Seanad debates

Wednesday, 29 May 2013

Address to Seanad Éireann by Ms Margareta Wahlström

 

12:30 pm

Ms Margareta Wahlström:

I thank the Senators for their interesting and significant questions. Indeed, I may have to take up the invitation to come back again another time. I will start with the last question, which is significant not only for risk management but also in terms of understanding how the UN works with countries. I did not mention earlier that my office is staffed by 100 people worldwide. Some people believe that we are punching above our weight, given the number of staff we have. In terms of the way we operate, we are leveraged by the richer countries, which do not need our money but do need co-operative engagement with us. They need to share experiences and expertise with us. Countries exercise a lot more peer pressure on each other than any UN official can even inspire them to think about.

What we see in the International Strategy for Disaster Reduction, or the ISDR system, as we call it, is a forum in which countries freely talk about issues that in other political settings would have a different spin. A very senior Indian official said that the reason he liked this forum was that he got a lot of ideas and talked to a lot of people and there was no agenda, which he found unusual. I can this is developing very rapidly. In fact, there are some enthusiastic people who see this as the future for global collaboration among countries. South-south co-operation is developing rapidly because it is no longer a question of the rich north and the poor south. We are in a very different phase globally.

The European Commission and the European Union are not filling the UN space but they do understand how the UN can be useful to the EU. They have engaged strongly in formulating the Hyogo Framework for Action II, known as HFA II, the post-2015 framework, and putting it high on their agenda.

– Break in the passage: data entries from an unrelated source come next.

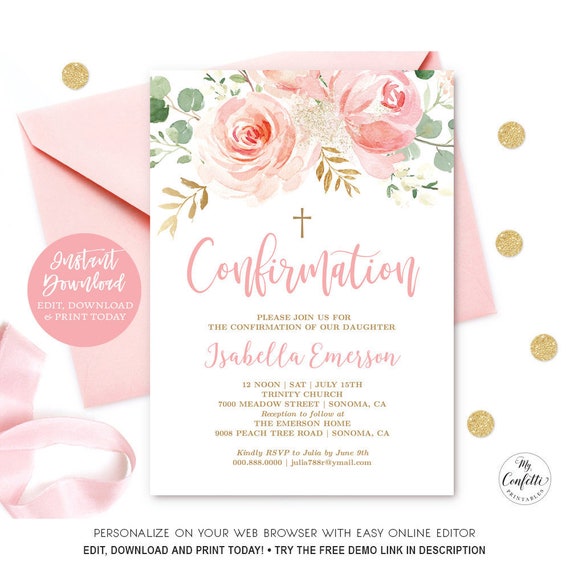 EDITABLE Confirmation Invitation Printable Confirmation Etsy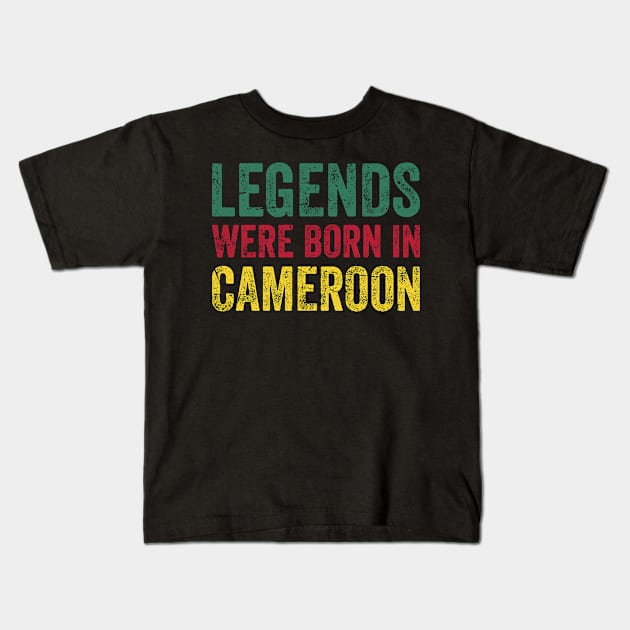 Vintage Design Cameroonian Flag Cameroon Kids T-Shirt by MGS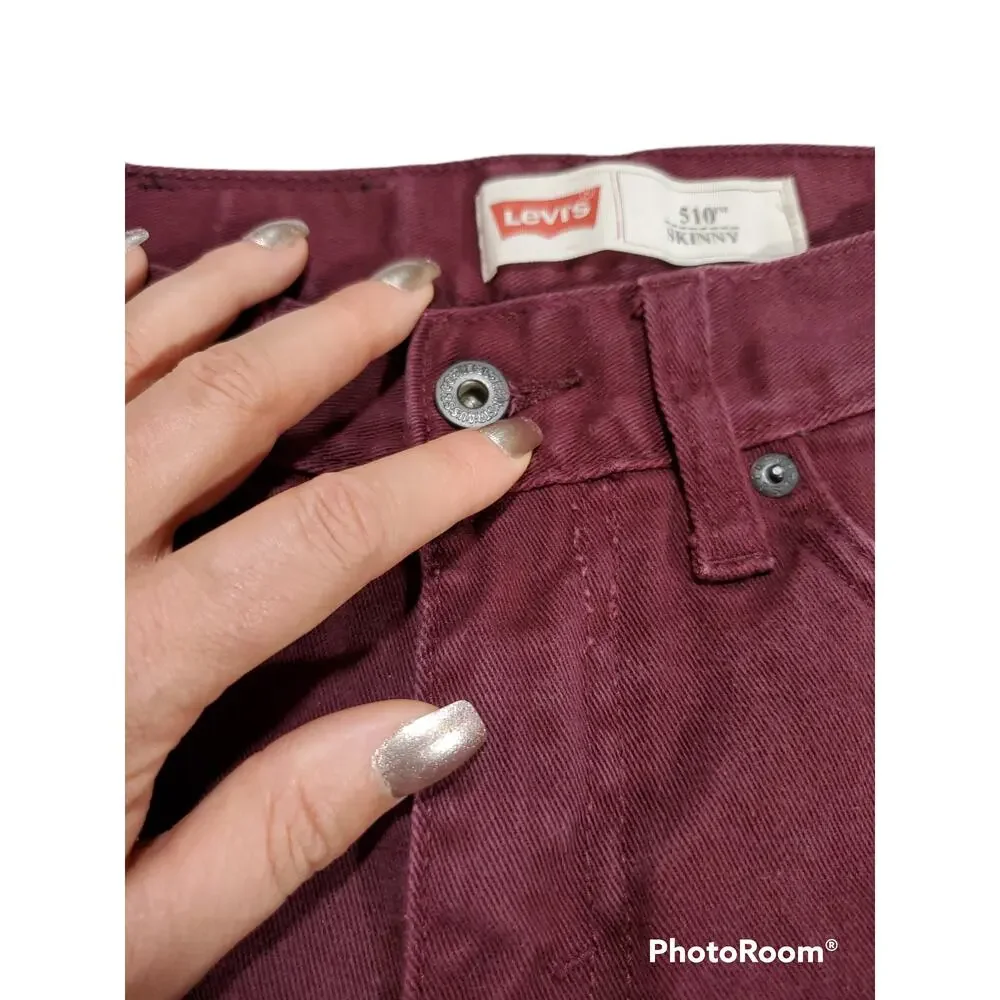 Levi's | Maroon 510 Skinny Jeans | Size 14 Reg - Picture 2 of 4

They are very active in this. This follows on from the rather painful period some years ago when the European entities did not work together. We had a very tense situation between the civil protection entities and the so-called humanitarian work. I happened to be working in a different post at that time but I can assure this House that there has been a complete transformation since then. The Europeans now work together in crisis response. There is one crisis response. The Monitoring and Information Centre, MIC, has become a very effective instrument and there is a joined-up approach with the rest of the world, including the UN agencies, to disaster response.

In the European Commission, for internal reasons or because it was originally a very strongly humanitarian issue, the Director-General for Humanitarian Aid and Civil Protection has the lead role in driving the European Commission post-2015 agenda, and she is doing that in an inclusive way. When she came to our global platform meeting last week, she had consulted seven different DGs in order to represent the Commission's perspective on resilience and disaster risk. I must commend the Commission because, in many ways, it is a little ahead of the UN in this strong internal mainstreaming work. The UN has also been doing this but we have not globalised it as strongly as the Commission. It has covered the environment, health, climate, finance and humanitarian and development agenda. The Irish Presidency has been strongly driving the resilience approach and that is becoming a well-packaged external framework for all of this thinking. I am pleased as a participant, a beneficiary and an observer, and I am quite impressed by how Europe is coming together on this.

I was asked whether the UN had identified areas that are particularly challenged in terms of access as part of a risk management approach. It has from the perspective of peace and security, political affairs and humanitarian assistance and it is very much linked to how the UN operates in different countries. Access is not always related to political issues but to a genuine conflict issue and getting in the way of open conflict. The UN has tried to develop a much more practical approach to its own security management, but that is only part of the parcel. The largest security management element is the people we are trying to assist and how they are affected by the presence of international organisations. It is not always positive. In countries of which I have much more experience, such as Afghanistan, it has a negative image today but I have just been there to try to engage more strongly in disaster risk reduction and building national institutions. When one is there, one can see that some of the security and safety issues are related to the international presence but they are not all identical necessarily to the national risks. The complexities lead not to global statements about access but more localised understanding of access and they are very much related to specific operations.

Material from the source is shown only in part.